Some of these countries, virtually steal the low labour cost markets, by artificially holding down their cost of labour. Examples here are the Ex East German and present day Chinese economies. Even raw materials are kept artificially low, to penetrate or hold onto vital market share, of the low cost production group.
By internal controls they are able to hi-jack production in some countries. Even super economies such as the USA complain of low price raw materials being dumped on their market at the expense of their home production, through the use of artificial subsidies and other artificial cost cutting practices. Now a days the rumour is that the Bush administration is considering action to protect their iron industry from such dumping practices.( I believe by now 2003 they have done so).
At other times, the necessity for such low cost production, on both the labour and raw material fronts, becomes the motive for the advanced economies, to interfere and artificially force the continuation of the supply of such low labour cost resources. By the use of their mere economic power and influence, advance economies can and have caused, the periodic collapse of the economies of low labour cost countries.

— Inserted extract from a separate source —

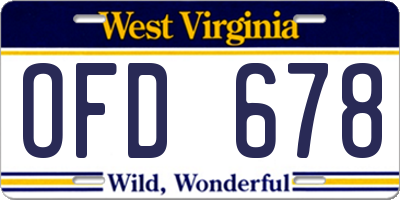 WV license plate OFD678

In so doing, they trigger the collapse of demand, which leads to high unemployment, week economies, and devaluations, which in turn lead to a reduction of labour and raw material costs, in such countries, upon which the advance economies have come to rely on. Such reductions, can be in the forms of both direct lower labour cost by reduced wage packets and by the lowering of the currency value, through forced devaluation. Powerful multinationals can blackmail local governments to change policy to suit their concerns.
This inevitably leaves big gaps in the global economies. These gaps become bubbles, which will keep growing, until one day they over-stretch, over inflate, and burst. These bubbles can be classed as ‘economic ulcers’. Clear examples of this are the creation and then bursting of the Asian market’s bubbles. First, the small ones burst in countries like Malaysia, Korea and so on.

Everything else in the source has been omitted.